I’ve always thought that Cisco introduced the BGP Local-AS feature into IOS to support complex MPLS VPN design scenarios. Obviously I was wrong, the early documentation always describes an ISP AS merging scenario. Unfortunately, all the articles I’ve found skip some important details: they describe the basics and the configuration commands, but forget to mention the impact on the AS paths received by the ISP customers.

I described those details in an article that has disappeared from the Internet sometime in 2019, but fortunately archive.org retained a copy of it.

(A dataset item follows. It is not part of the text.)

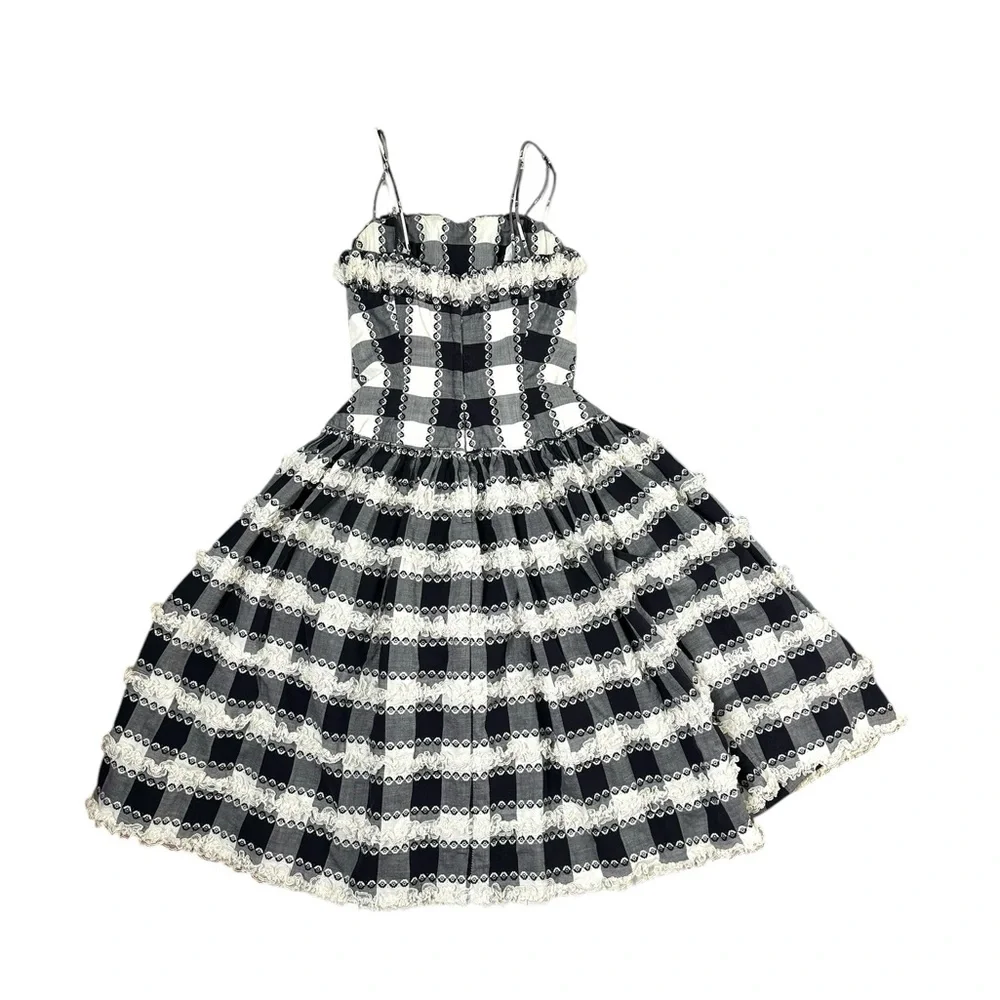Vintage | 1950’s True Vintage Lou-Ette California Gigham Ruffle and Lace Dress - Picture 2 of 15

Would you like me to migrate that article to ipSpace.net? Send me a message and I just might do it...

2 comments:

  1. I got to know the "bgp enforce-first-as" command when studying the BGP Best-Path Selection Algorithm. By looking at the output of the "show ip bgp" command when implementing BGP Local-AS, I said, ahha, this is the time to prove the working of the "bgp enforce-first-as" command.
    So I went conf t, router bgp, bgp enforce, show ip bgp, hmm, still here, this should be the time for me to test out another command - soft-configuration inbound, followed by clear ip bgp x.x.x.x soft in, hmm, the BGP route is still here, clear ip bgp x.x.x.x, aargghhh, still there. >:o

    show run, hey, where is my "bgp enforce-first-as" command? What? It is enabled by default? @_@

    After some thought, another ASN (the local AS) actually being prepended to the AS_SEQUENCE by the local router, the EBGP peer doing its job correctly therefore not being discarded by the "bgp enforce-first-as" command.

    I think I will only able to see the operation of the "bgp enforce-first-as" when reading more about BGP route spoofing attacks in the future, now it is good enough for my ROUTE exam. :)
  2. You can't generate an AS-number mismatch that the "bgp enforce-first-as" would catch with an IOS BGP feed, you need a broken implementation for that.